What is a compiler?
Introduction
A compiler is a program that takes in source code written in one language (called the source language) and returns source code written in another language (called the target language). Here's how we might write this in quasi-mathematical notation:
compiler : source_program -> target_program
That :
is read "has type". The arrow represents a function type; in
this case, a function from programs written in the source language to
programs written in the target language.
What are source_program
and target_program
? They must be types
representing code in each programming language. For many or most
programming language, that type is ultimately string
; programmers
write programs as sequences of characters. So we could write something
like
compiler : string -> string
For this class, though, we'll use the previous definition. In some languages–for instance, block-based programming languages like Scratch–programmers usually don't write source code as strings. Also, the first definition is a bit more specific about what these strings should look like.
So, now that we have our definition: what are some compilers you've worked with? What are their types?
compiler |
: |
source_program |
-> |
target_program |
---|---|---|---|---|
javac |
Java | Java bytecode | ||
gcc |
C | Machine code | ||
… |
How is a compiler different from an interpreter?
In addition to compilers, you might have used interpreters before. Interpreters are closely related to compilers; indeed, in this course you'll develop a number of interpreters as well as a number of compilers. What's the type of an interpreter?
Like a compiler, an interpreter takes in program code. What does it produce?
Here's one possible type:
interpreter : source_program -> value
Rather than producing more code in some target language, as a compiler does, an interpreter interprets its input code and produces some value.
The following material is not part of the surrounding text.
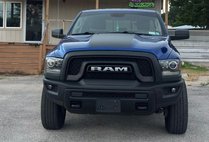 2019 Ram Ram Pickup 1500 Classic Warlock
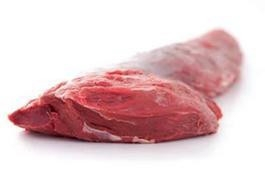 Hovädzia sviečková JA KÚ 4/5 chlad. váž. cca 2kg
One very important interpreter for our purposes is the computer's CPU! Depending on your computer, this is probably an interpreter for x86-64 machine code. Machine code is the "native" language of the computer. It's often targeted by compilers, including the compilers we'll develop in this course.
This class
In this class we will be developing, testing, and discussing compilers–in fact, we'll write our first compiler in just a little while. Why does this class exist? Why should you take it?
One reason is that compilers are interesting! For me at least, one of the big appeals of computer science is that it blends elegant theory with practical utility, and I think this topic is a great example of that. On the theory side, we'll learn about formal notions of compiler correctness and algorithms for things like register allocation; on the practice side, we'll get our hands dirty writing real compilers for real systems.
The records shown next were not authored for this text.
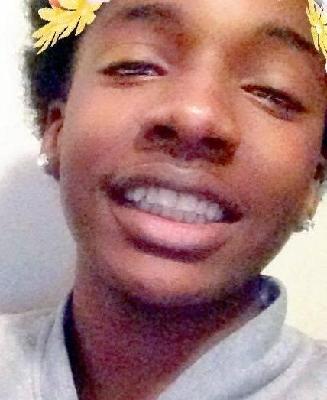 Xe�Quan Campbell death by force case in Carbondale, IL
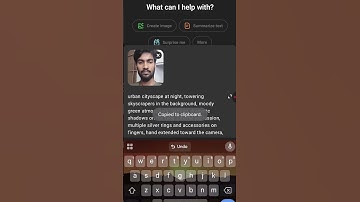 Chatgpt Trick 🤯 create a picture like this! #chatgpt #ghibli #ai #prompt #trend #tutorial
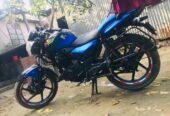 Keeway RKS 125c Bike ti bikri kora hobe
On a related note, compilers are complex software systems. Like an operating systems class, a compilers class is an opportunity to deploy good software engineering and testing practices on decently large programs. We'll talk a lot in this course about testing in particular!
I'm a mathematician by training, and my research is in logic and verification.
Why am I teaching compilers? If we just think of compilers as functions
compile : source_program -> target_program
, our story is missing something: a good compiler
shouldn't "change" the program, in some sense. To make that precise we need a way to
assign meanings (semantics) to programs in our source and target languages,
and then we can make a relational claim about our inputs and outputs, something like
"for every source program p
, the meaning of compile p
is the same as the meaning of p
."
Even better, we might want to prove that this claim holds.
Semantics, relations, proof -- we're starting to sound like logicians.
And indeed, in the verification world, there's a line of research into producing
formally correct compilers. Time permitting, we'll talk a little about this
at the end of the course.
There are lots of big, well-known and much-used compilers out there in the world.
This course is not about those.
It's totally reasonable to want to take a compilers course to learn about
the intricate details and implementation of gcc
, javac
, etc.
If this is what you're looking for, though, this course might not be for you.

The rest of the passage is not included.